Ces trois points sont indissociables et constituent une réponse adaptée au diagnostic partagé par tous. Lorsque l'on répond aux vrais problèmes, selon un diagnostic partagé, je crois qu'on crée les conditions pour un débat apaisé.
Un autre projet de loi sur le séjour a été déposé. Il est bâti selon les mêmes principes : apporter, sans a priori, des réponses aux dysfonctionnements recensés dans nos dispositifs. Il tire, pour sa part les conclusions du débat sans vote et vise notamment à renforcer l'attractivité de la France aux migrations de la connaissance et du savoir, grâce au passeport talents, qui va induire une modification substantielle et de nos flux migratoires et de leur perception par l'opinion.
Cette loi vise aussi à renforcer l'intégration, en créant pour tous les étrangers nouvellement arrivés un parcours d'intégration qui sera accompagné par la délivrance de titres de séjour plus pérennes, pour favoriser l'accès à l'emploi, au logement.

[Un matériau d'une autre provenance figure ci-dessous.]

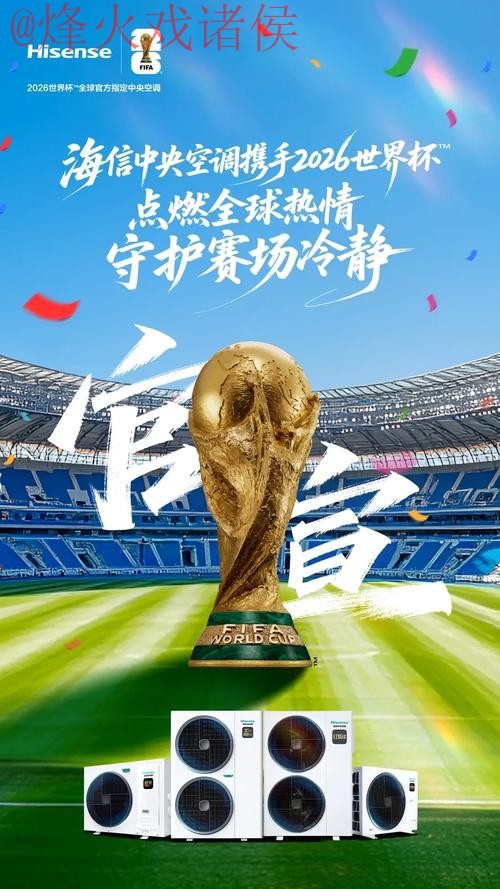 2026世界杯直播安全全站 2026世界杯直播安全全站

Car, disons-le, le défi migratoire des années à venir n'est pas uniquement la gestion des flux migratoires, mais la construction, dans une société diverse et dont la diversité ira croissante, d'un vivre ensemble, d'une singularité française qui ne soit pas une agglomération de différences mais un rassemblement autour d'un idéal commun. La France est armée pour bâtir cet idéal, parce qu'elle l'a déjà bâti par le passé, parce que cet idéal est consubstantiel à notre histoire. Cet idéal porte un nom : c'est la République. C'est le droit à l'éducation. C'est la laïcité. C'est le refus du communautarisme. C'est le respect d'un certain nombre de valeurs universelles.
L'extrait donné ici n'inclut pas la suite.